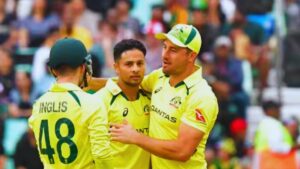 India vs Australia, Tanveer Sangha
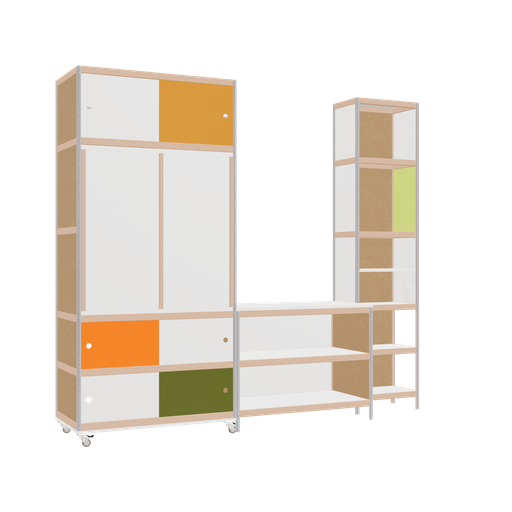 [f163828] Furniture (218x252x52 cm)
---
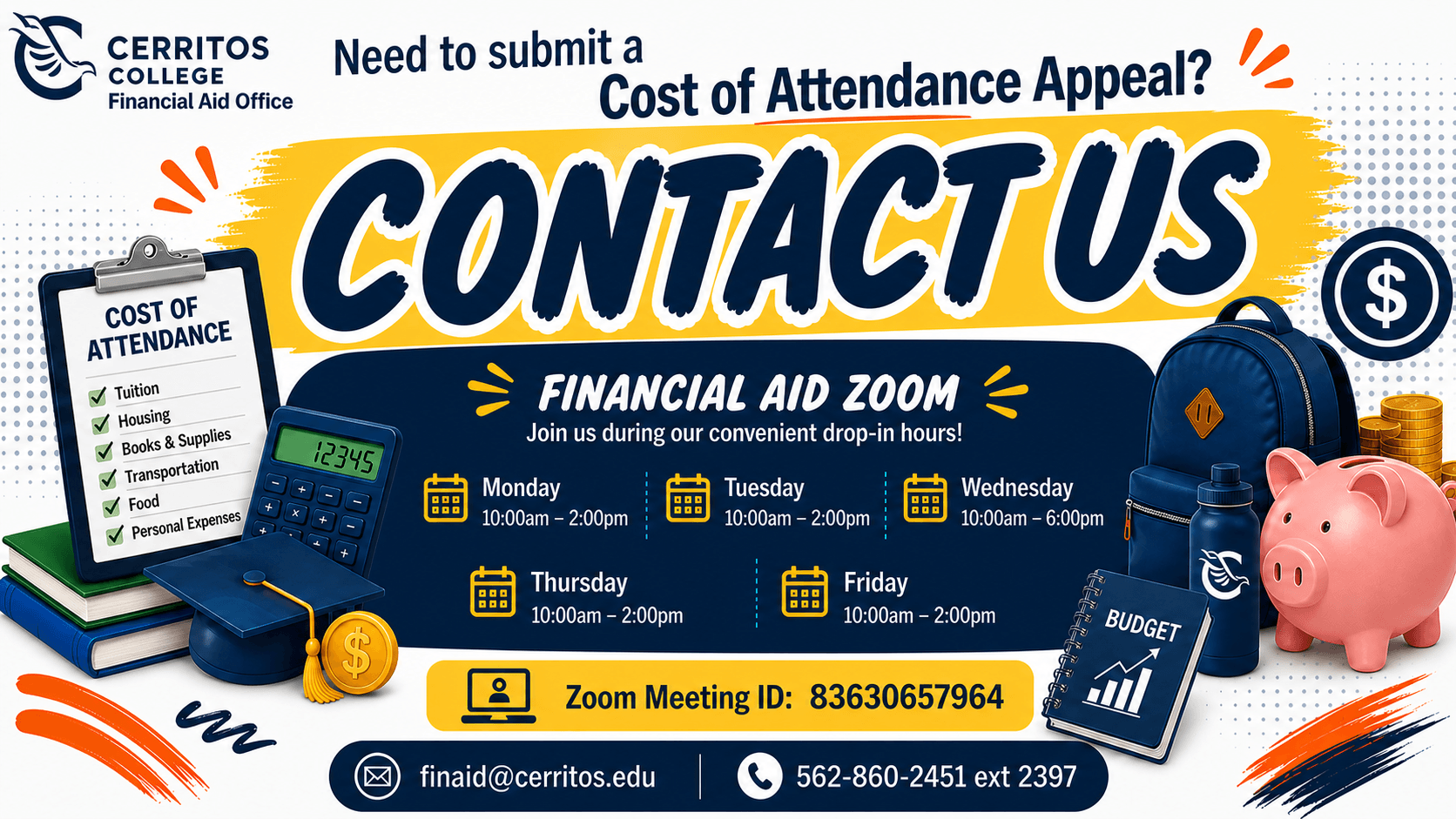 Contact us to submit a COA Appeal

| WHAT THE TASK REQUIRES |
Copy nothing but the lines above that run from the one with "India vs Australia, Tanveer Sangha" to the one with "[f163828] Furniture (218x252x52 cm)", ends included; pictures stay out.

| SOLUTION FOR THIS PROBLEM |
 India vs Australia, Tanveer Sangha
 [f163828] Furniture (218x252x52 cm)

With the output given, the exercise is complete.